Eyeballing Normal

Lab 2H

Directions: Follow along with the slides and answer the questions in red font in your journal.

What's normal?

  • The normal distribution is a curve we often see in real data.
    • We see it in people's blood pressures and in measurement errors.
  • When data appears to be normally distributed, we can use the normal model to:
    • Simulate normally distributed data.
    • Easily compute probabilities.
  • In this lab, we'll look at some previous data sets to see if we can find data that are roughly normally distributed.

The normal distribution

  • The normal distribution is symmetric about the mean:
    • The mean is found in the very center of the distribution.
    • And the curve looks the same to the left of the mean as it does on the right.
  • Use the following to draw a normal distribution:
plotDist('norm', mean = 0, sd = 1)

The mean and sd of it

  • To draw a normal curve, we need to know exactly 2 things:
    • The mean and sd.
  • The sd, or standard deviation, is a measure of spread that's similar to the MAD.
  • Which part of the normal curve changes when the value of the mean changes?
  • Which part of the normal curve changes when the value of the sd changes?
  • Hint: Try changing the mean and sd values in the plotDist function.
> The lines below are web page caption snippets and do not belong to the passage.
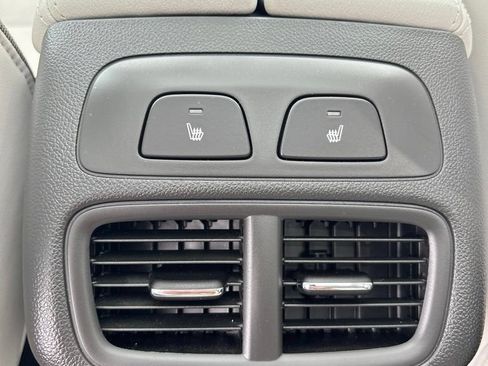 Used 2024 Buick Envision Avenir AWD/4WD image 27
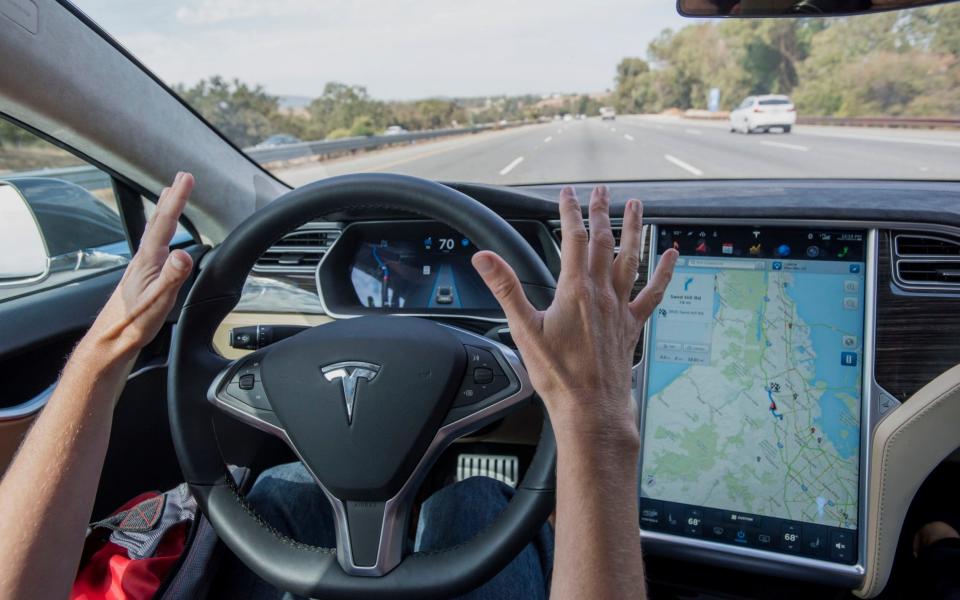 Tesla says drivers understand the limits of Autopilot - Bloomberg News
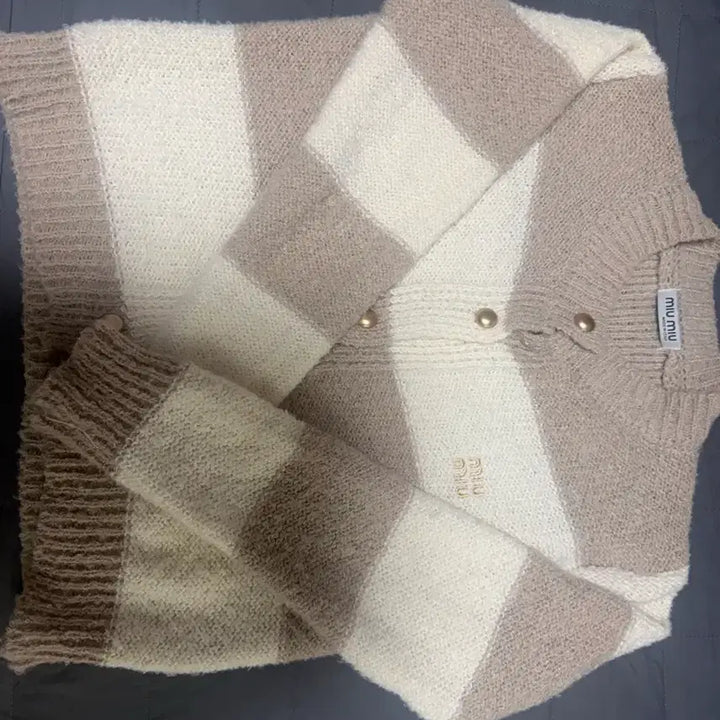 [BUNJANG] Imported Knit Cardigan / 수입의류 금장 버튼 스트라이프 니트 가디건
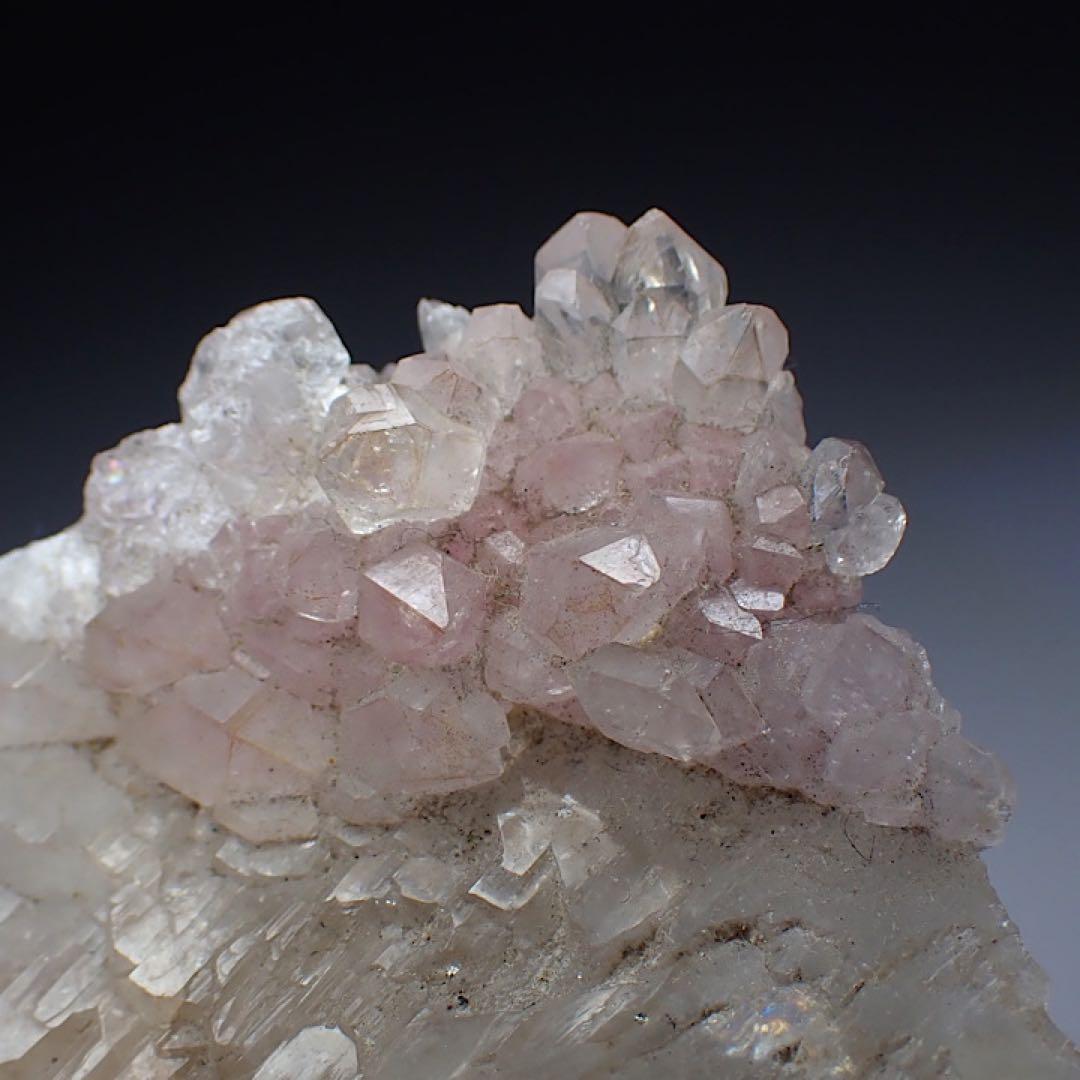 【ブラジル/ミナスジェライス産】ローズクォーツクラスター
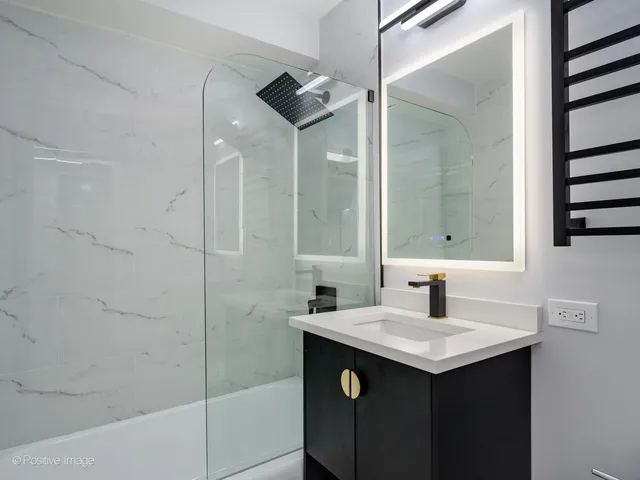 $329,900 | 3950 North Lake Shore Drive, Unit 724, Chicago, IL 60613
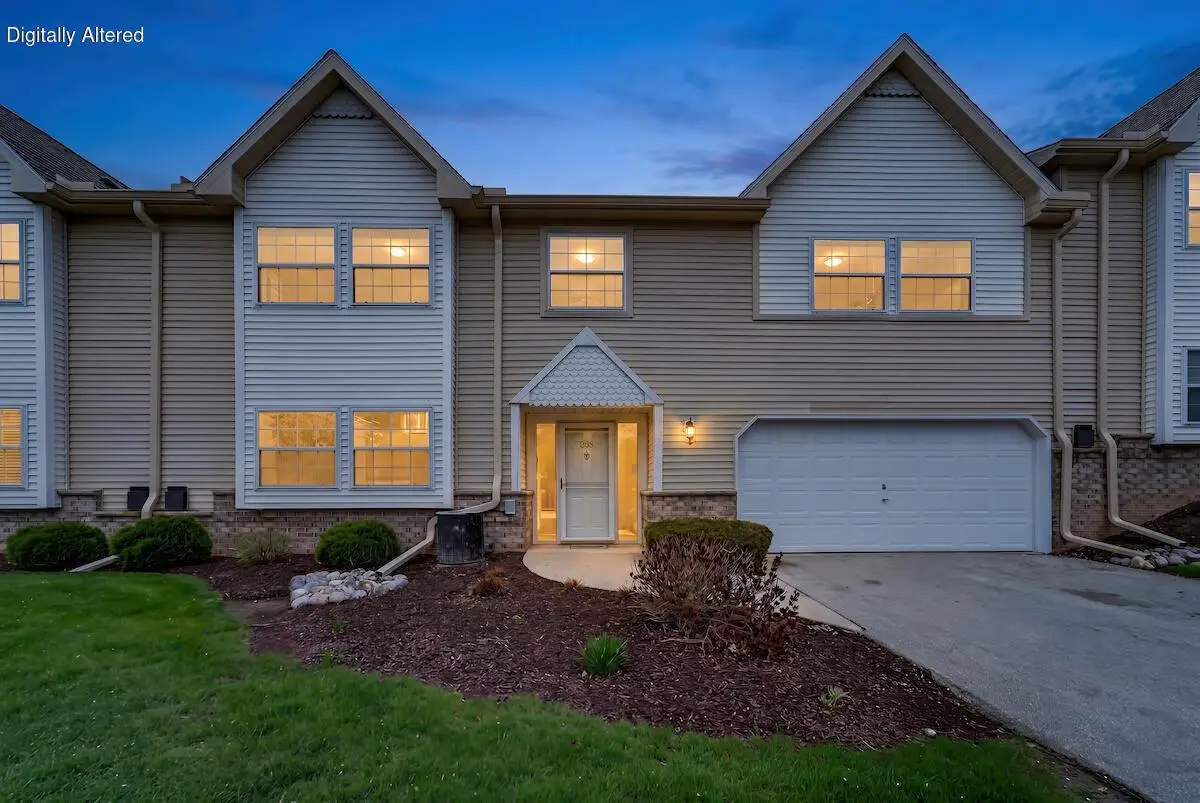 390 Dustin DRIVE, Brookfield, WI 53045 - #1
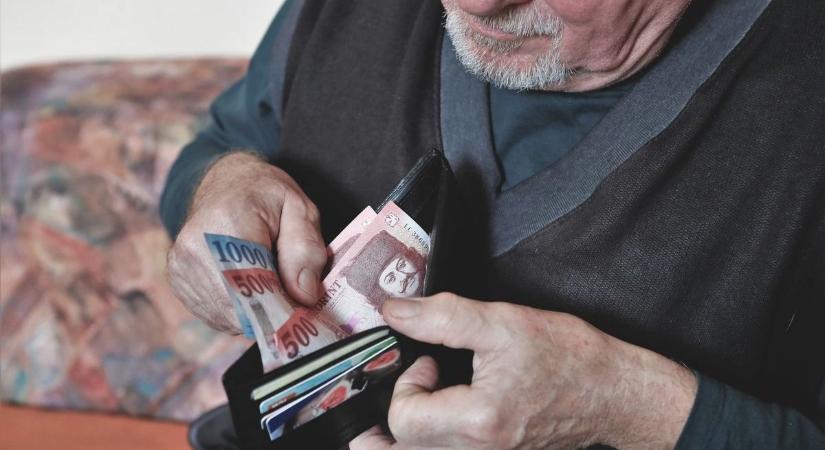 Döbbenet! Tényleg kifogyhatatlanok ötletekben a csalók, ha a nyugdíjasokat akarják átverni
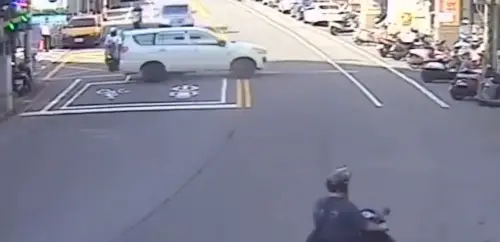 高齡車禍!72歲駕駛加油後暴衝險撞直行騎車 撞爛路邊機車與鐵門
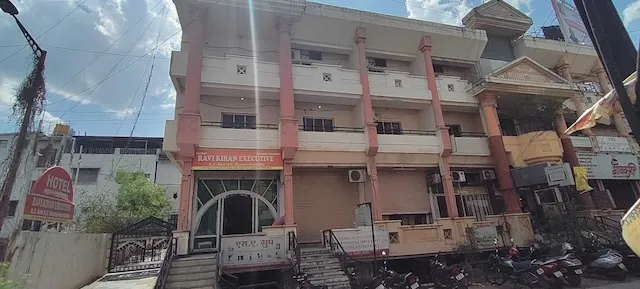 OYO Flagship 813456 Hotel Ravikiran Executive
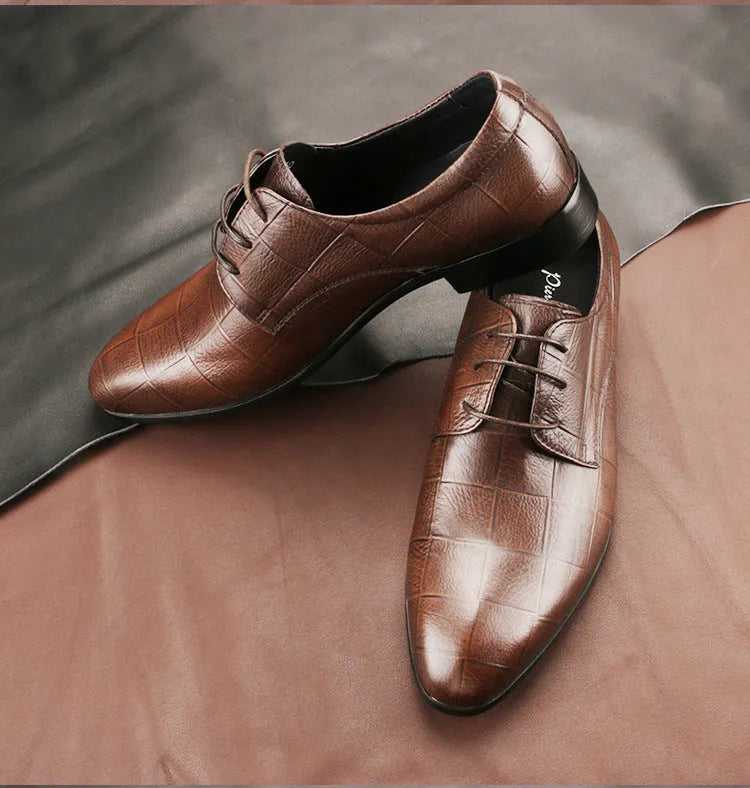 Men's black leather derby shoes with pointed toe and checkered stitching detail
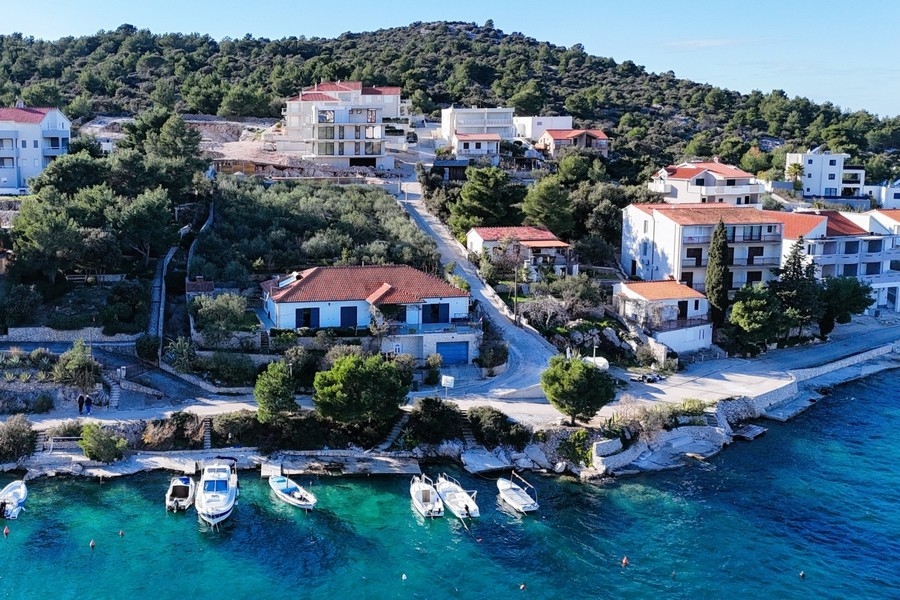 Posizione costiera con molo per barche e vista mare in Croazia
Finding normal distributions

  • Load the cdc data and use the histogram function to answer the following:
  • Based on what you know about these variables, which of the variables do you think have distributions that will look like the normal distribution?
    • Make histograms of these variables. Which ones look like the normal distribution?
    • Hint: To help answer this question, try including the option fit = "normal" in the histogram function. You might also try faceting by gender.

Using normal models

  • Data scientists like using normal models because it often resembles real data.
    • But not EVERYTHING is normally distributed.
  • As a data scientist in training, you must decide when a normal model seems appropriate.
    • No model is ever perfect 100% of the time.
    • If you choose a model, you should be able to justify why you chose it.

On your own

  • For each of the following, determine which, if any, appear to be normally distributed. Explain your reasoning:
    • The weight of people in our cdc data, faceted by gender.
    • The difference in mean weights between Males and Females for 500 random shuffles.
    • The difference in median weights between Males and Females for 500 random shuffles.